We make our branded beverage products available to consumers throughout the
world through our network of Company-owned or -controlled bottling and
distribution operations as well as independent bottling partners, distributors,
wholesalers and retailers - the world's largest beverage distribution system. Of
the approximately 57 billion beverage servings of all types consumed worldwide
every day, beverages bearing trademarks owned by or licensed to us account for
more than 1.8 billion servings.
We believe our success depends on our ability to connect with consumers by
providing them with a wide variety of choices to meet their desires, needs and
lifestyle choices. Our success further depends on the ability of our people to
execute effectively, every day.
Our goal is to use our Company's assets - our brands, financial strength,
unrivaled distribution system, global reach, and the talent and strong
commitment of our management and associates - to become more competitive and to
accelerate growth in a manner that creates value for our shareowners.
Our Company markets, manufactures and sells:
• beverage concentrates, sometimes referred to as "beverage bases," and
syrups, including fountain syrups (we refer to this part of our business as
our "concentrate business" or "concentrate operations"); and
• finished sparkling and still beverages (we refer to this part of our business as our "finished product business" or "finished product operations").
Generally, finished product operations generate higher net operating revenues
but lower gross profit margins than concentrate operations.
In our concentrate operations, we typically generate net operating revenues by
selling concentrates and syrups to authorized bottling and canning operations
(to which we typically refer as our "bottlers" or our "bottling partners").
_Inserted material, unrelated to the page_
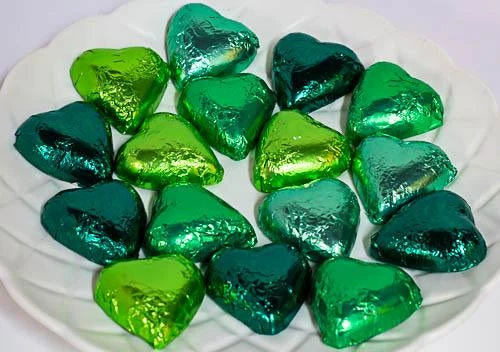 Hearts - Milk Chocolate Hearts In Mixed Green Foils 1kg - Image 2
Our
bottling partners either combine the concentrates with sweeteners (depending on
the product), still water and/or sparkling water, or combine the syrups with
sparkling water to produce finished beverages. The finished beverages are
packaged in authorized containers bearing our trademarks or trademarks licensed
to us - such as cans and refillable and nonrefillable glass and plastic
bottles - and are then sold to retailers directly or, in some cases, through
wholesalers or other bottlers. Outside the United States, we also sell
concentrates for fountain beverages to our bottling partners who are typically
authorized to manufacture fountain syrups, which they sell to fountain retailers
such as restaurants and convenience stores which use the fountain syrups to
produce beverages for immediate consumption, or to fountain wholesalers who in
turn sell and distribute the fountain syrups to fountain retailers.
Our finished product operations consist primarily of the production, sales and
distribution operations managed by CCR and our Company-owned or -controlled
bottling and distribution operations. CCR is included in our North America
operating segment, and our Company-owned or -controlled bottling and
distribution operations are included in our Bottling Investments operating
segment. Our finished product operations generate net operating revenues by
selling sparkling beverages and a variety of still beverages, such as juices and
juice drinks, energy and sports drinks, ready-to-drink teas and coffees, and
certain water products, to retailers or to distributors, wholesalers and
bottling partners who distribute them to retailers. In addition, in the United
States, we manufacture fountain syrups and sell them to fountain retailers such
as restaurants and convenience stores who use the fountain syrups to produce
beverages for immediate consumption or to authorized fountain wholesalers or
bottling partners who resell the fountain syrups to fountain retailers. In the
United States, we authorize wholesalers to resell our fountain syrups through
nonexclusive appointments that neither restrict us in setting the prices at
which we sell fountain syrups to the wholesalers nor restrict the territories in
which the wholesalers may resell in the United States.
The following table sets forth the percentage of total net operating revenues related to concentrate operations and finished product operations:
Year Ended December 31, 2012 2011 2010 Concentrate operations1 38 % 39 % 51 % Finished product operations2.3 62 61 49 Net operating revenues 100 % 100 % 100 % |
1 Includes concentrates sold by the Company to authorized bottling partners for the manufacture of fountain syrups. The bottlers then typically sell the fountain syrups to wholesalers or directly to fountain retailers.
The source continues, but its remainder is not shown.